One often hears that, in order to understand a work of art, one needs to know its historical context. Against this historicist commonplace, a Deleuzian counter-claim would be not only that too much of a historical context can blur the proper contact with a work of art (i.e., that, in order to enact this contact, one should abstract from the work's context); even more, it is, rather, the work of art itself which provides a context enabling us to properly understand a given historical situation. If, today, someone were to visit Serbia, the direct contact with raw data there would leave him confused. If, however, he were to read a couple of literary works and see a couple of representative movies, they would definitely provide the context that would enable him to locate the raw data of his experience. There is thus an unexpected truth in the old cynical wisdom from the Stalinist Soviet Union: "he lies as an eye-witness!"


[1] Gilles Deleuze, The Logic of Sensei>, New York: Columbia University Press 1990, p. 80.

[2] Gilles Deleuze and Felix Guattari,What is Philosophy?, New York: Columbia University Press 1994, p. 59.

[3] Gilles Deleuze, Negotiationsi>, New York: Columbia University Press 1995, p. 170-171.

[4] Deleuze, op.cit., p. 171.

[5] When, in 1953, Chou En Lai, the Chinese Prime Minister, was in Geneva for the peace negotiations to end the Korean war, a French journalist asked him what does he think about the French Revolution, and Chou replied: ,,It is still too early to tell." In a way, he was right: with the disintegration of socialist states, the struggle for the historical place of the French Revolution flared up again. The liberal Rightist revisionists try to impose the notion that the demise of Communism in 1989 occurred at exactly the right moment: it marked the end of the era which began in 1789. In short, what effectively vanished from history was the revolutionary model which first entered the scene with the Jacobins. François Furet and others thus try to deprive the French Revolution of its status as the founding event of modern democracy, relegating it to a historical anomaly.

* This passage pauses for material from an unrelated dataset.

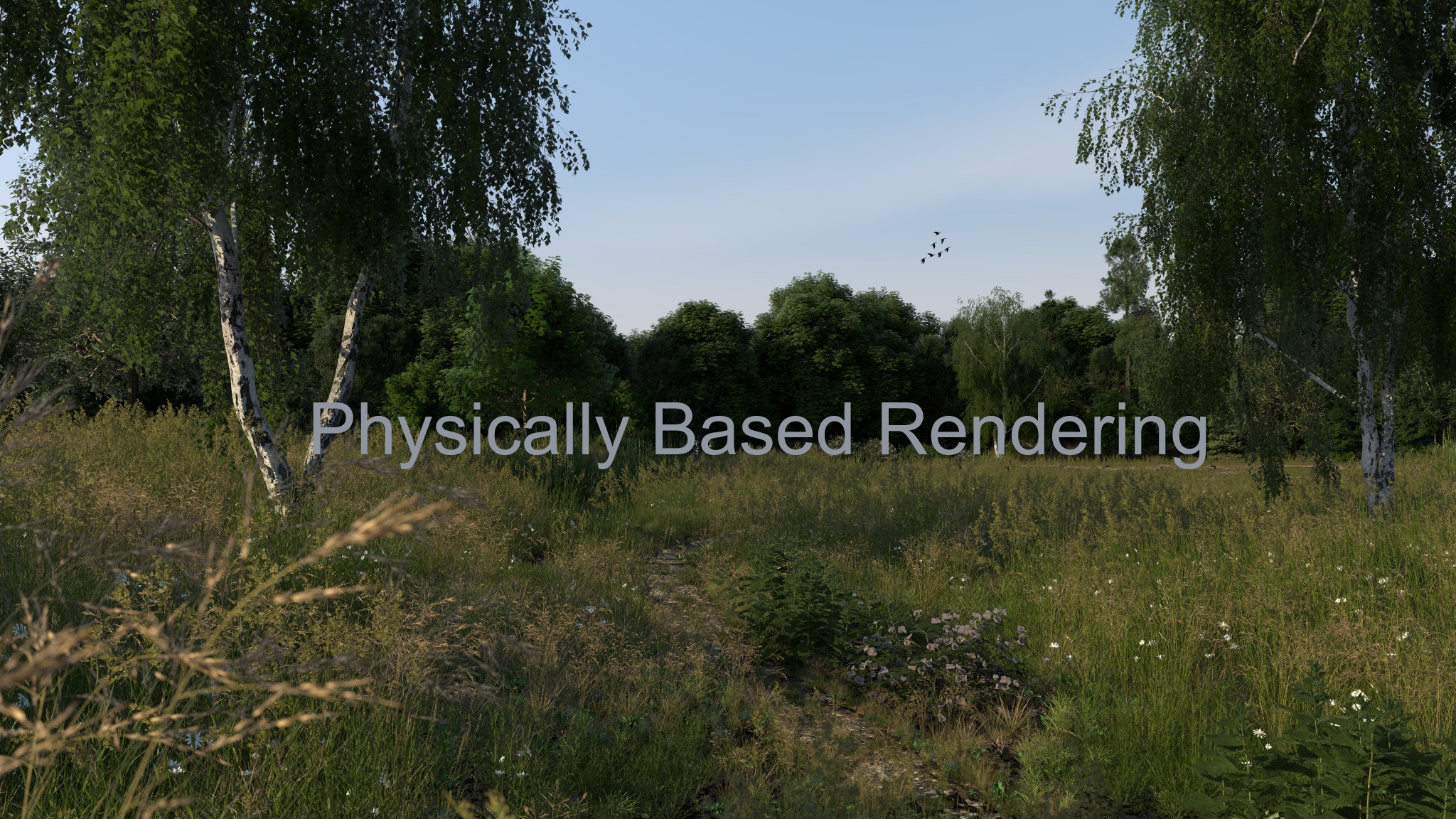 Physically Based Rendering（渣翻）前言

[6] Authentic fidelity is the fidelity to the void itself - to the very act of loss, of abandoning/erasing the object. Why should the dead be the object of attachment in the first place? The name for this fidelity is death drive. In the terms of dealing with the dead, one should, perhaps, - against the work of mourning as well as against the melancholic attachment to the dead who return as ghosts - assert the Christian motto "let the dead bury their dead." The obvious reproach to this motto is: what are we to do when, precisely, the dead do not accept to stay dead, but continue to live in us, haunting us by their spectral presence? Here, one is tempted to claim that the most radical dimension of the Freudian death drive provides the key to how are we to read the Christian "let the dead bury their dead": what death drive tries to obliterate is not the biological life, but the very afterlife - it endeavors to kill the lost object the second time, not in the sense of mourning (accepting the loss through symbolization), but in a more radical sense of obliterating the very symbolic texture, the letter in which the spirit of the dead survives.

[7] G.K.Chesterton, Orthodoxy, San Francisco: Ignatius Press 1995, p. 16.

[8] For a more detailed account of this move, see Chapter 3 of Slavoj Zizek, The Puppet and the Dwarf, Cambridge: MIT Press 2003.

[9] This holds even if we reformulate the Universal in the Laclauian sense of empty signifier caught in the struggle for hegemony: the universal singularity is not the empty universal signifier filled in - hegemonized by - some particular content. It is almost its obverse: a singularity which explodes the given contours of the universality in question and opens it up to a radically new content.